ダイヤモンド構造を有する炭素層は、2200W/mKまでの、特に高い熱伝導率を有するという利点がある。
【0020】
本発明の蛍光体粒子の粒径は、0.5μm〜40μm、特に2μm〜20μmである。
本発明のコーティングは、必ずしも均質ではないが、代わりに、粒子の表面において、島の形状であるか、または液滴形状であってもよい。

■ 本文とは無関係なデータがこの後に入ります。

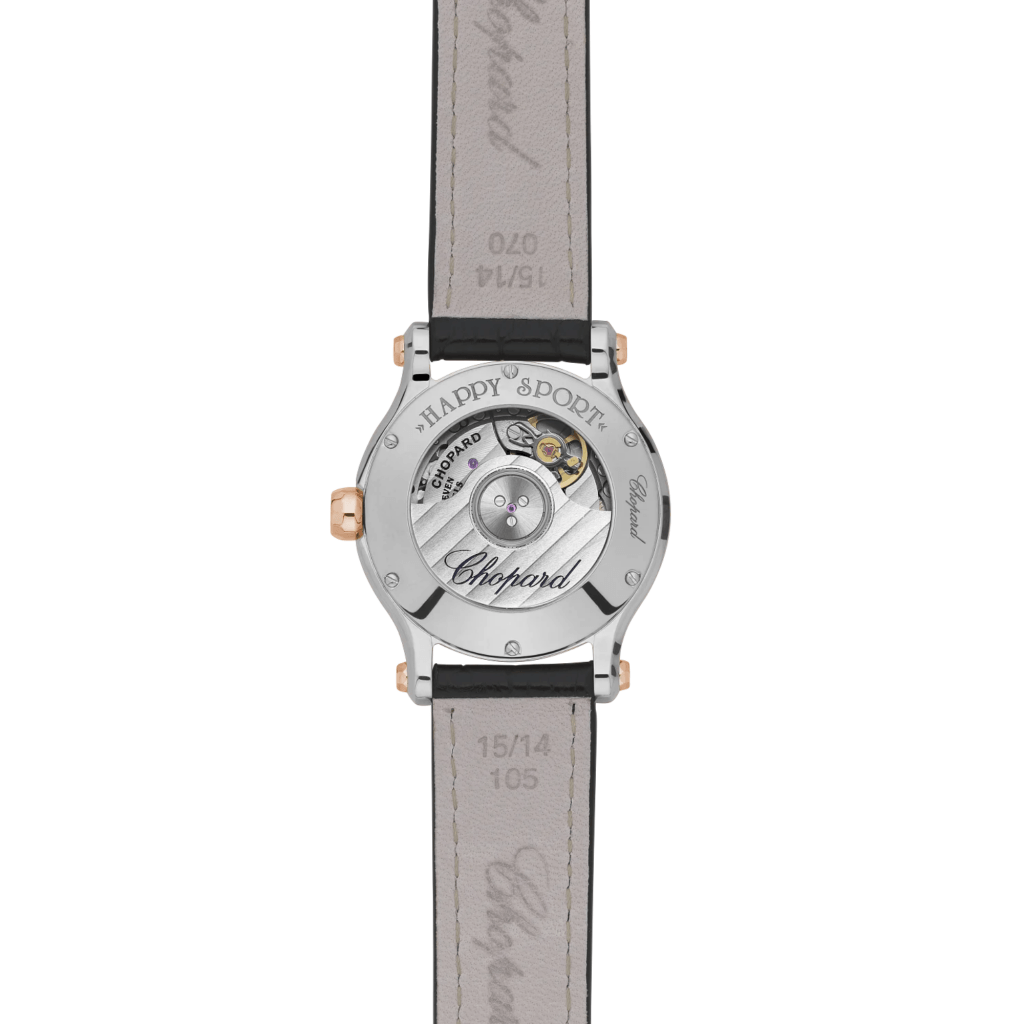 Chopard Happy Sport 30mm - 278573-6013 - #2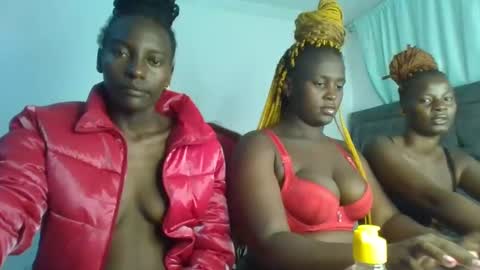 Analeia online show from January 23, 3:26 am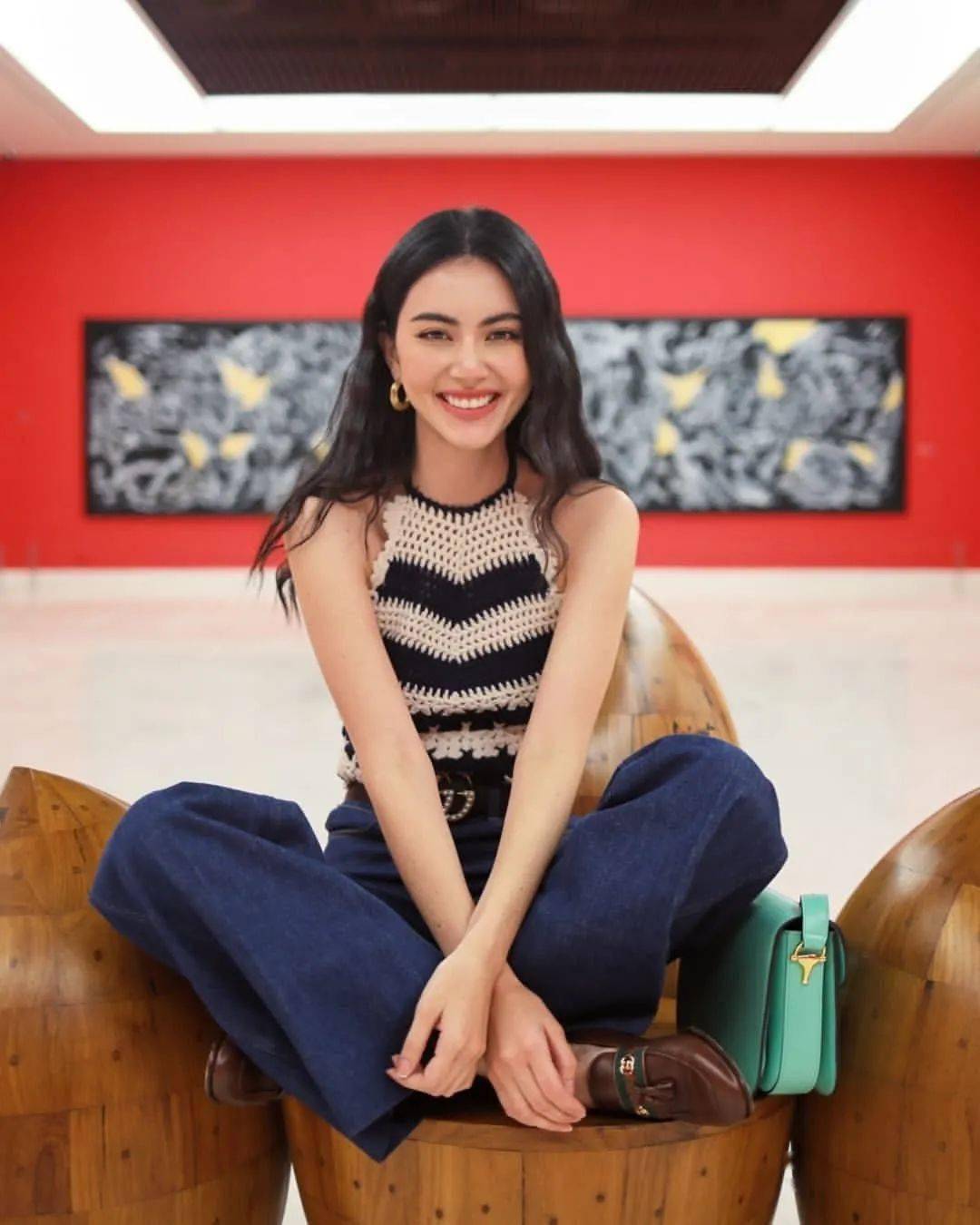 图源:ig@davikah图源:ig@supassra_sp图源:ig@jamyjamess是不是很心动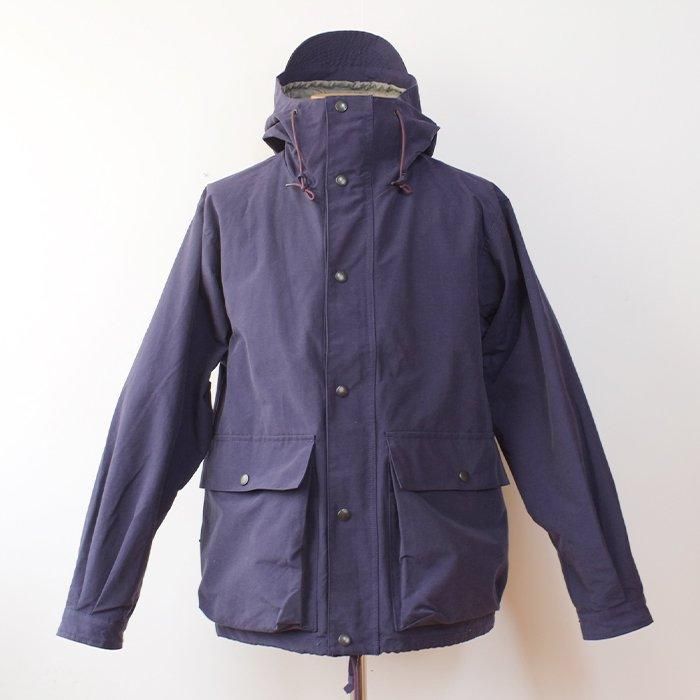 ENDS and MEANS】 SANPO JACKET 2024AW - Dark Purple - ENDS and MEANS】 SANPO JACKET 2024AW - Dark Purple -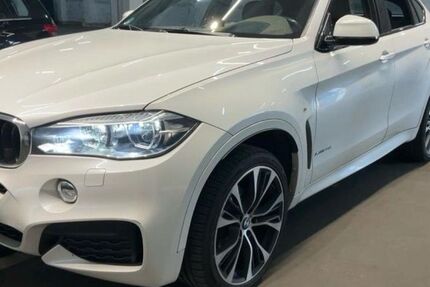 BMW X6 106.000 km 31.990 &euro; Peine 31226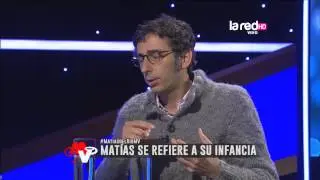 Mat&iacute;as del R&iacute;o:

このようにコーティングまたは表面修飾された蛍光体粒子は、本発明に従って、表面特性をバインダーのそれと適合させるために、機能化させることもできる。これがバインダーにおける蛍光体のより均質化した混合を促進し、応用特性を改善することが、当業者に知られている。
【0021】
本発明は、さらに、以下の工程により特徴付けられる、表面修飾された蛍光体粒子の製造方法に関する:
a. 少なくとも2種の出発材料および少なくとも1種のドーパントの混合および温度T>150℃での熱処理による蛍光体粒子の製造、
b. 湿式化学または蒸着プロセスにおける、<20W/mKの熱伝導率を有するコーティングでの蛍光体粒子のコーティング、
c. >20W/mKの熱伝導率を有する、少なくとも1種のさらなるコーティングの適用。
【0022】
蛍光体粒子のコーティングは、特に好ましくは、金属、遷移金属または半金属の、酸化物または水酸化物の水分散液における沈殿による湿式化学法によって行われる。このために、発光性粒子またはコーティングしていない蛍光体を、リアクタ内の水にけん濁させ、攪拌しながら、少なくとも1種の金属塩および少なくとも1つの沈殿剤の同時計量添加によって、金属酸化物または水酸化物でコーティングする。
【0023】
金属塩の代わりとして、その後加水分解によって金属酸化物または水酸化物を形成する、有機金属化合物、例えば金属アルコキシドに計量添加する事も可能である。発光性粒子をコーティングする他の可能な方法は、例えば、エタノールまたはメタノールなどの有機溶媒におけるゾル−ゲルプロセスによるコーティングである。このプロセスは、特に、水感受性材料および酸またはアルカリ感受性物質に対して好適である。
【0024】
本発明に従い、さらなる方法は、混床式リアクタを利用したコーティング、比較的小さいあらかじめ形成された粒子の、コーティングされる材料の表面への吸着、およびガス相からの、例えば物理気相蒸着(=PVD)または化学気相蒸着(=CVD)によるコーティングである。
【0025】
本発明によれば、発光性粒子またはケイ酸塩蛍光体粒子の製造用の出発材料は、上述のとおり、基礎材料(例えば、バリウム、ストロンチウムまたはシリコンの塩溶液)およびユウロピウム、セリウム、マンガンおよび/または亜鉛、好ましくはユウロピウムなどの少なくとも1種のドーパントからなる。好適な出発材料は、無機および/または有機液体に、溶解および/またはけん濁する、金属、半金属、遷移金属および/または希土類の硝酸塩、炭酸塩、炭酸水素塩、リン酸塩、カルボン酸塩、アルコラート、酢酸塩、シュウ酸塩、ハロゲン化物、硫酸塩、有機金属化合物、水酸化物および/または酸化物などの、無機および/または有機物質である。必須の理論混合比における該当要素を含む、混合した硝酸塩溶液および酸化物溶液の使用が好ましい。
【0026】
例えば、硝酸バリウム、硝酸ストロンチウム、高分散二酸化ケイ素、塩化アンモニウムおよび硝酸ユウロピウム六水和物溶液の混合物からなる発光性粒子の湿式化学製造のために、以下の既知の方法が好ましい:
・ NHHCO溶液を使用した共沈(例えば、Jander, Blasius Lehrbuch der analyt. u. praep. anorg. Chem. 2002参照)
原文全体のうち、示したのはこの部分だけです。